The lead sponsor of the original 1998 ban, House Policy Committee Chairman Christopher Cox (R-CA), was also a leader this time around. Cox argued for passage on the House floor by saying, "Republicans and Democrats have come together to say that no matter how we might choose to fund government services, we all agree the worst way to do it would be to create new taxes on the Internet. That would be harmful to consumers, destructive to technological innovation, and bad for our economy.
"The case for allowing Internet access to remain tax-free has never been stronger," Cox said. "With 200 million Americans now online, a new tax on access would be a tax on working families. Our citizens recognize the danger. Eighty-eight percent of Americans oppose new Internet access taxes, making this legislation among the most popular tax issues in America."

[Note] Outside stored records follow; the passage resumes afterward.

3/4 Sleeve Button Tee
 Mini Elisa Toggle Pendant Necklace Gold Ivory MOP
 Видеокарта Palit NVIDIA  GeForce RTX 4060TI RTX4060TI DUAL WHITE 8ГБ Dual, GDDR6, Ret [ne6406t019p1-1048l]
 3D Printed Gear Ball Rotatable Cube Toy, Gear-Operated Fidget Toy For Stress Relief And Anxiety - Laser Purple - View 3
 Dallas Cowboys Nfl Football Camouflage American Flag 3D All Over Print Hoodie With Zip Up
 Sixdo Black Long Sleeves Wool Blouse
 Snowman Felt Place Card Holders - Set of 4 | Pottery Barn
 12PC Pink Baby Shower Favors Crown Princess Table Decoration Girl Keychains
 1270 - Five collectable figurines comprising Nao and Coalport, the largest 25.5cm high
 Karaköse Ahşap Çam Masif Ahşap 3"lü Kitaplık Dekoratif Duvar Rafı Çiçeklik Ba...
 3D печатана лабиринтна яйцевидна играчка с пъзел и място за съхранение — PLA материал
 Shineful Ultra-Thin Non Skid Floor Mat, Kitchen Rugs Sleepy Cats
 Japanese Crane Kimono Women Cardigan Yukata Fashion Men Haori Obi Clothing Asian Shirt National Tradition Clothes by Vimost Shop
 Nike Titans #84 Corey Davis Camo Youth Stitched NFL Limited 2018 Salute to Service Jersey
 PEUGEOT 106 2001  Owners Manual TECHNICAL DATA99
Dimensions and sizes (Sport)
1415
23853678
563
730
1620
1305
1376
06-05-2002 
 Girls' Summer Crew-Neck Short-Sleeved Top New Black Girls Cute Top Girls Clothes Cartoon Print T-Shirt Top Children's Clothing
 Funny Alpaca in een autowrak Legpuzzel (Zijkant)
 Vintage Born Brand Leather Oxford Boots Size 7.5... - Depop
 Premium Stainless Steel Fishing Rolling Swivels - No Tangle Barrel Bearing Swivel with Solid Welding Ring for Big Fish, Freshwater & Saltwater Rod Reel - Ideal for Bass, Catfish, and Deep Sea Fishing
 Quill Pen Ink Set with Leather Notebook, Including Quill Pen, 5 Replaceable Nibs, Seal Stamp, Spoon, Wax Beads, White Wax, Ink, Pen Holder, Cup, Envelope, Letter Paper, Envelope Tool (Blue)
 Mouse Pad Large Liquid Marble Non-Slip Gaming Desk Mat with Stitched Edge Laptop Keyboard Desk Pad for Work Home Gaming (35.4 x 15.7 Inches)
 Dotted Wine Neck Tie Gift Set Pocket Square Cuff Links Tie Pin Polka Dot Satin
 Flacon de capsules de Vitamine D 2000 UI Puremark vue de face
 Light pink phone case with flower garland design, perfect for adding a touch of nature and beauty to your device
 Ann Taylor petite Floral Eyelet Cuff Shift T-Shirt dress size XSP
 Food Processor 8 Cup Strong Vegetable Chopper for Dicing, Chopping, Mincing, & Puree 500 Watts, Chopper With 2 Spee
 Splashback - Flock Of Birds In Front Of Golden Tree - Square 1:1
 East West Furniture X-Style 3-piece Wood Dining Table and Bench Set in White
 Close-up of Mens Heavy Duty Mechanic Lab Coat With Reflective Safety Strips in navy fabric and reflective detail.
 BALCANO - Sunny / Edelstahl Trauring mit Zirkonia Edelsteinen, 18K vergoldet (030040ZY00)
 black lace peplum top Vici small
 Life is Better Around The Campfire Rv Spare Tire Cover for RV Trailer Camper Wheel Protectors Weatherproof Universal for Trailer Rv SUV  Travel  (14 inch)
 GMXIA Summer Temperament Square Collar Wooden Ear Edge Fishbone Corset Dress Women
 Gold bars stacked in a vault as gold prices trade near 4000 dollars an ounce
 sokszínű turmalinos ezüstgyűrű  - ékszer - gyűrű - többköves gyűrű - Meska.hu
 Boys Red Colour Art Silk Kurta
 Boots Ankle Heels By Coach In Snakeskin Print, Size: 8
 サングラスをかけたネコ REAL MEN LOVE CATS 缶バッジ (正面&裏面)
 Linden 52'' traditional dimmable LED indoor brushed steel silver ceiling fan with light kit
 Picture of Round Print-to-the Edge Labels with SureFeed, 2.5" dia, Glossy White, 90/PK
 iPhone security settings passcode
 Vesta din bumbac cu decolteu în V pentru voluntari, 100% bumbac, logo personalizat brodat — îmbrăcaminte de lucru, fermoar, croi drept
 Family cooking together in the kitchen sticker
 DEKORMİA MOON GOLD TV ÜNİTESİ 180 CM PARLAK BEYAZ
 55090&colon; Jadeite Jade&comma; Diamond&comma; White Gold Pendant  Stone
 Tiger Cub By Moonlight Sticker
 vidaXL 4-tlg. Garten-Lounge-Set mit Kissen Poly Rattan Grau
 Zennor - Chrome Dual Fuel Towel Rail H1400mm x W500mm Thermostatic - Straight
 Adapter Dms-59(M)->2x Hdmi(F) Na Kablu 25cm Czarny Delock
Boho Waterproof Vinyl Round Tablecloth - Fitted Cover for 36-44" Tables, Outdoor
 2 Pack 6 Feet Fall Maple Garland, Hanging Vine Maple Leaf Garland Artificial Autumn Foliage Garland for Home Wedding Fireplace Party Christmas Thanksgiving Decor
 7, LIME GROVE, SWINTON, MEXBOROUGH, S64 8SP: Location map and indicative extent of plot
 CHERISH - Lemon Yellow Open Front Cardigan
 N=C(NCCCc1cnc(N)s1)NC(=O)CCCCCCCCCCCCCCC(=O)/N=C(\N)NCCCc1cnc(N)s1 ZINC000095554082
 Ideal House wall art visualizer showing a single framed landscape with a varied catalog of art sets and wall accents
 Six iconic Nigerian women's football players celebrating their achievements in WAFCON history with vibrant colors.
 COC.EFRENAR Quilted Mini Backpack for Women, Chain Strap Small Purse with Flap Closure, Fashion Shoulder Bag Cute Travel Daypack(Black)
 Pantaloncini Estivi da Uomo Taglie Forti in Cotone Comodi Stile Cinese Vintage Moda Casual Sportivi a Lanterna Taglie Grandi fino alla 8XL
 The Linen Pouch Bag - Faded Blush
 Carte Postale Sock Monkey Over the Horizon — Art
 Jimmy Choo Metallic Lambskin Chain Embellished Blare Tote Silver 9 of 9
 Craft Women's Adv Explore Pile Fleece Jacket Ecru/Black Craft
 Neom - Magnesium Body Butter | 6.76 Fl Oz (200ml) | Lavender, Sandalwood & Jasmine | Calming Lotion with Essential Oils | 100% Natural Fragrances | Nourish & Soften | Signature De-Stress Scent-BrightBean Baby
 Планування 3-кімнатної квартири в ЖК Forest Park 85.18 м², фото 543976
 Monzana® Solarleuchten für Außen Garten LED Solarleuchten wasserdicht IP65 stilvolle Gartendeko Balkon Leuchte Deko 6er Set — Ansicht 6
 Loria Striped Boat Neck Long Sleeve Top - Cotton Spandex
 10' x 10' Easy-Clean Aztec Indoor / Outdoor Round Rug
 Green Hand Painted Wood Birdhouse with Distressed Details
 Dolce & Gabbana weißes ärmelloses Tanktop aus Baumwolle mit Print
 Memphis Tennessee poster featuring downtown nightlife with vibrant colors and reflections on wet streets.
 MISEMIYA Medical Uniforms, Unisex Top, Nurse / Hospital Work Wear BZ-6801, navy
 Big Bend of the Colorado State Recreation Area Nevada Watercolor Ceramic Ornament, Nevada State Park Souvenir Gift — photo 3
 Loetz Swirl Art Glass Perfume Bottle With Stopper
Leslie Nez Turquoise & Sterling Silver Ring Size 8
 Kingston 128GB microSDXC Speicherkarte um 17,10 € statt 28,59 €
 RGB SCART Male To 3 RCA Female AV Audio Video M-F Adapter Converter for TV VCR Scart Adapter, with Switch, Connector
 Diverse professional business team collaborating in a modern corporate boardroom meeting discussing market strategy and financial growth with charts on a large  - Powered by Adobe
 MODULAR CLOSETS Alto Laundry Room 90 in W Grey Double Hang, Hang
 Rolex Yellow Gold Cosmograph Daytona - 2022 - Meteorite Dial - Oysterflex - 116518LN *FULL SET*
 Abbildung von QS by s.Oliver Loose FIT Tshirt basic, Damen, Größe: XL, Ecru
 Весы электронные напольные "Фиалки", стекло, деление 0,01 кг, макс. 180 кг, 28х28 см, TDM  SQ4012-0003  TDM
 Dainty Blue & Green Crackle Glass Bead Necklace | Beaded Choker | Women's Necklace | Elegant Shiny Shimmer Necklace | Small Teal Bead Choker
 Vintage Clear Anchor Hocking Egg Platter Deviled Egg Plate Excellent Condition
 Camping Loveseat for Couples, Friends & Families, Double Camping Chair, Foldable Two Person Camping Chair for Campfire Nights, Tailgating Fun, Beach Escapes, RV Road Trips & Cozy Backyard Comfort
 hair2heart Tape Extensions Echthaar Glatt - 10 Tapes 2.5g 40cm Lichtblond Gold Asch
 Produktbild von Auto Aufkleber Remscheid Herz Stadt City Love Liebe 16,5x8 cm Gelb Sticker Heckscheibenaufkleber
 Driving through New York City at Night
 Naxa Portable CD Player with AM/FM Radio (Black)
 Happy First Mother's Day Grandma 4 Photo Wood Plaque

Cox also cited studies from a variety of sources--including the Brookings Institution, University of California, Harvard University, Stanford University, Congressional Budget Office, and U.S. Department of Commerce--showing the Internet has made America more productive.
"New taxes can only slow this powerful engine of our economy, job growth, productivity, and prosperity in America," Cox said.
Wisconsin Tax to End
Another leader of the effort was House Judiciary Committee Chairman James Sensenbrenner (R-WI), who insisted his home state of Wisconsin be forced to drop its Internet access tax. Sensenbrenner wanted it dropped immediately, but Sen. Herb Kohl (D-WI) insisted the tax remain in place another two years. The legislation ended up leaving the tax in effect until November 1, 2006.
Wisconsin was one of several states that began taxing Internet access before the original ban in 1998. Those states had been allowed to continue collecting the tax.
However, the 1998 ban was enacted before high-speed broadband connections came into use, so the ban did not address those technologies. Several states have levied taxes on high-speed connections. Under the new federal legislation, they will have to phase out those taxes.
"Enacting this legislation is a big win for the majority of American Internet users," Sensenbrenner said after the House approved the legislation and sent it to President George W. Bush for his signature.
America Online, one of the world's largest Internet service providers, said in a statement, "With adoption of this critical legislation, Congress has recognized the tremendous virtues of an Internet unencumbered by unnecessary and undue taxation and regulation that would impede the growth of the Internet, rather than foster it."
Sensebrenner said he pushed for Wisconsin to be forced to drop its 5 percent Internet tax because it was enacted without a vote by the state Assembly. The tax was enacted based on a Wisconsin Department of Revenue interpretation of the 1998 ban's "grandfather" provision.
In 2002, the state billed Wisconsin Internet users an estimated $24.3 million, according to Sensenbrenner. Some Wisconsin localities also levy up to an additional 1/2-percent tax, he said.
"Whether it's for checking e-mail, purchasing items online, or researching a subject for school, the Internet has become an integral part of life for many Americans," Sensenbrenner said. "As one of only a handful of states that taxes Internet access, Wisconsin's growth and ability to remain competitive in the technology sector are seriously hampered. Removing this tax is a step toward eliminating Wisconsin's 'high-tax' reputation."
The legislation also updates the definition of Internet access to ensure all types of Internet access are protected from taxation. It also ensures states and municipalities may continue to tax telecommunications services, including VoIP, or Voice over Internet Protocol.